The LVN Care Coordinator manages and coordinates care of moderate risk Accountable Care Organization (ACO) beneficiaries, assists with the development of comprehensive care plans, identifies and closes gaps in care of individual ACO beneficiaries through facilitation of appointments, monitoring referrals, solving transportation issues, tracking investigations, and medication management. In addition, the LVN Care Coordinator participate in patient education regarding preventive and urgent care, palliative care, hospice, medication adherence, and other issues related to chronic disease management. The LVN Care Coordinator ensures delivery of quality, effective, and cost-efficient health care services to ACO beneficiaries by collaborating with primary care providers, specialists, and other members of the care coordination team.
· Identify and coordinate care of moderate risk Medicare Accountable Care beneficiaries through identification and closing of gaps in care.
· Engages with beneficiaries telephonically, at the bedside, and in the clinics.
· Evaluates beneficiaries’ understanding of their conditions and the appropriate behavioral changes necessary to improve such conditions.

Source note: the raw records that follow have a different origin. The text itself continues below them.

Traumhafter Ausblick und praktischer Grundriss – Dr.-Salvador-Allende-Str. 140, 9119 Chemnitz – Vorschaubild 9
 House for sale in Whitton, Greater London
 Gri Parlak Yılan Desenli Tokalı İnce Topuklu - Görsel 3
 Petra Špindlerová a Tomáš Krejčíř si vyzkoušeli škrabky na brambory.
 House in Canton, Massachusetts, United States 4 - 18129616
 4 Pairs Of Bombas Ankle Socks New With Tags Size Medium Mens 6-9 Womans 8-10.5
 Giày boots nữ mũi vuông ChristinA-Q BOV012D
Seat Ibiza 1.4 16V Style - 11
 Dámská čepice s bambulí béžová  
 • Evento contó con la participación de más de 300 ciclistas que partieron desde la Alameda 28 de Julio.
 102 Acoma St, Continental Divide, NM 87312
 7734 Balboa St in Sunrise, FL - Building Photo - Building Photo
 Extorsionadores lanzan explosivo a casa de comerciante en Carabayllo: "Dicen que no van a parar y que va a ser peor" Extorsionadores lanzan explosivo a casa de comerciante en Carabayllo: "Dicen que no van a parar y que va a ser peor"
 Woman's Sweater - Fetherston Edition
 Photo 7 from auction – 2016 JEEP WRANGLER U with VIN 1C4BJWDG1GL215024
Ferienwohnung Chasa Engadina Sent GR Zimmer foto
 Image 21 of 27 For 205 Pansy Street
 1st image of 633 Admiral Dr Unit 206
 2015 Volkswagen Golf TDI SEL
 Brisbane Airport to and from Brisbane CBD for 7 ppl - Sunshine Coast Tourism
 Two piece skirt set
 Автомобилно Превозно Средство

· Assists with arranging services such as home health, medical equipment, physician appointments, specialist appointments, and transportation to clinic appointments for ACO beneficiaries.
· Assists the care coordination team in developing and implementing chronic disease care programs to improve quality of care for ACO beneficiaries.
· Identifies and addresses psychosocial, cultural, ethnic, and religious/spiritual needs of beneficiaries and their families.
· Functions as liaison between beneficiaries, physicians, hospital administration, and other healthcare providers.
Perform other duties as assigned to meet the organization’s needs.
Required: Minimum of two (2) years nursing experience,Previous Home Health, Hospice, Disease Management, or Case Management experience
Preferred: 3-5 years’ experience in case management or disease management, Certified Case Manager (CCM) or Accredited Case Manager (ACM)
Ability to engage patients over the phone.
Ability to work independently and collaboratively within an interdisciplinary team.
Strong interpersonal communication skills.
Excellent verbal and written communication skills.
Ability to Interact professionally with other healthcare service providers.
Computer literate in electronic documentation system and Microsoft Office products (e.g. Microsoft Word, Microsoft Excel).